» **Exercise description**
Would you transcribe the whole listing exactly and drop its images?

» **Supplied information**

+ + +

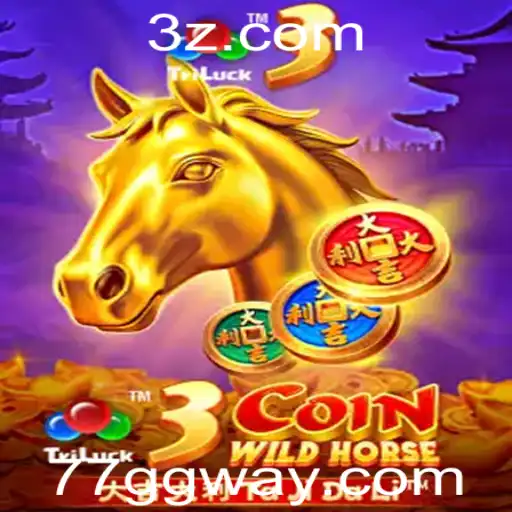 Explorando o Fascinante Universo de 3CoinWildHorse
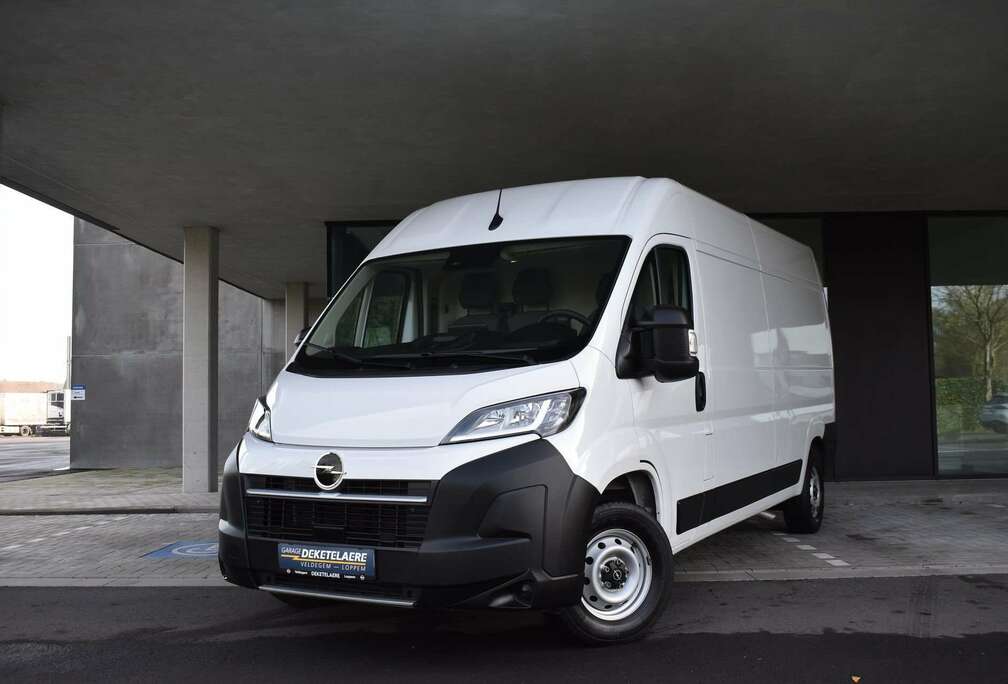 Opel L3H2 2.2Turbo S/S 180pk*Navi*Camera*CruiseControl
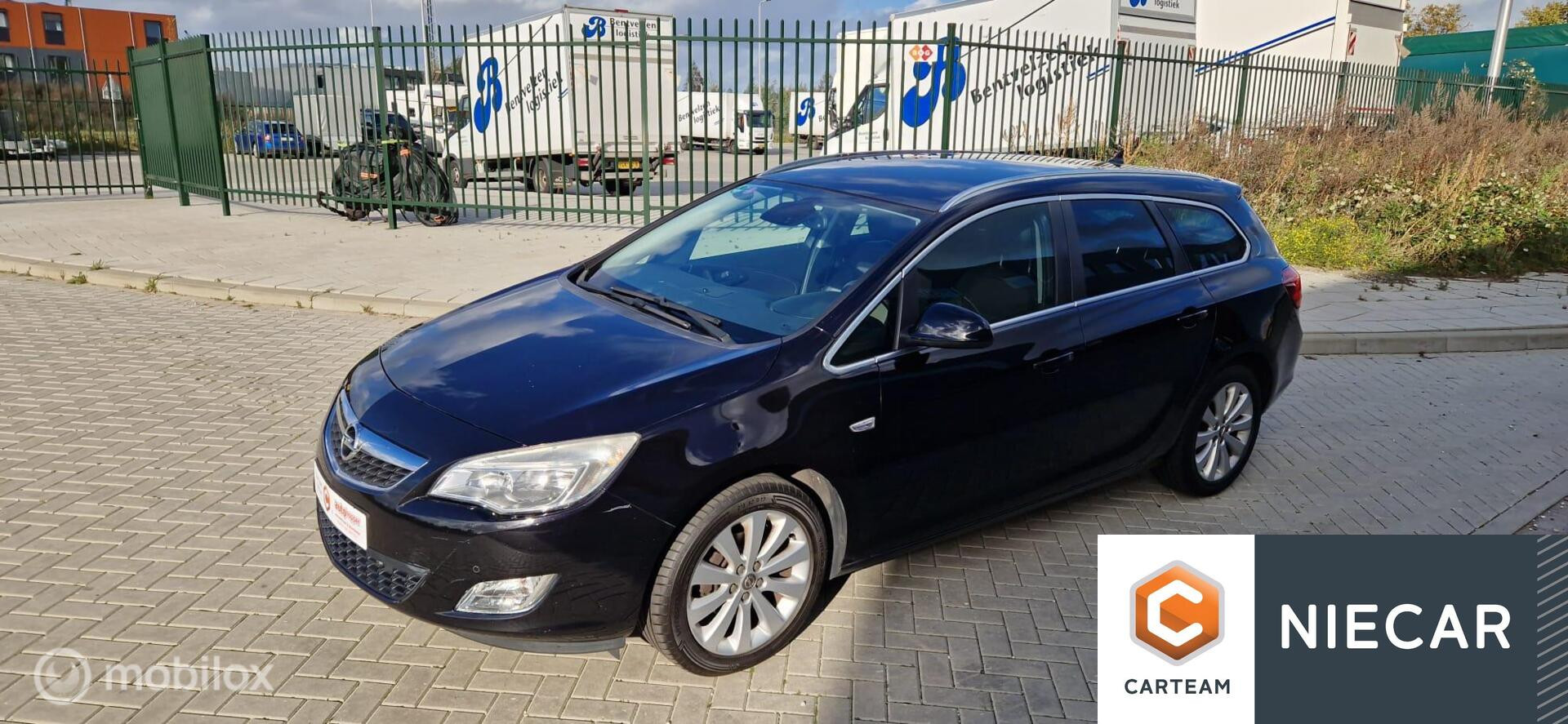 Hoofdafbeelding Opel Astra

+ + +

» **Solution to the problem**
 Explorando o Fascinante Universo de 3CoinWildHorse
 Opel L3H2 2.2Turbo S/S 180pk*Navi*Camera*CruiseControl
 Hoofdafbeelding Opel Astra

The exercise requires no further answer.